» Description of the task: Quote exactly, and only, the lines of the material below from the line with "Seaside Vacation Sexy" through the line with "FOXCID Ediors 2".

» Extracted information:
********

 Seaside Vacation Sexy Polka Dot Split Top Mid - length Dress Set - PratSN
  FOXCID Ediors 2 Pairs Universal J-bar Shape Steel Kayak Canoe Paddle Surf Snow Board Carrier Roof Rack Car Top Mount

********

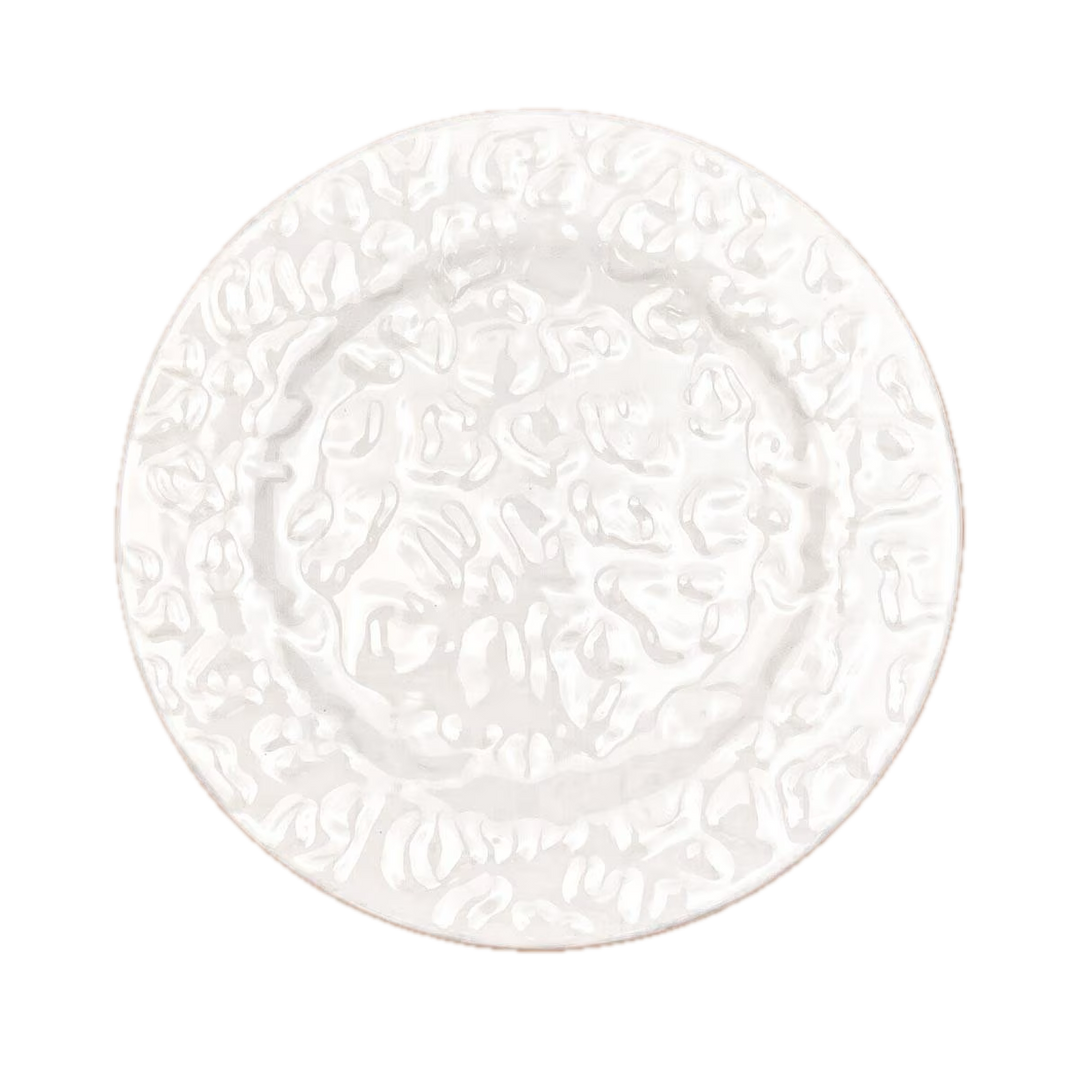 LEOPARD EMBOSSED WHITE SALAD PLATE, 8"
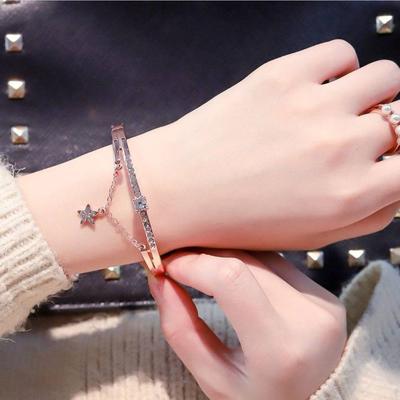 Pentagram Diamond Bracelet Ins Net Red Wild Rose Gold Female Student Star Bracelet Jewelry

********

» Your solution:
 Seaside Vacation Sexy Polka Dot Split Top Mid - length Dress Set - PratSN
  FOXCID Ediors 2 Pairs Universal J-bar Shape Steel Kayak Canoe Paddle Surf Snow Board Carrier Roof Rack Car Top Mount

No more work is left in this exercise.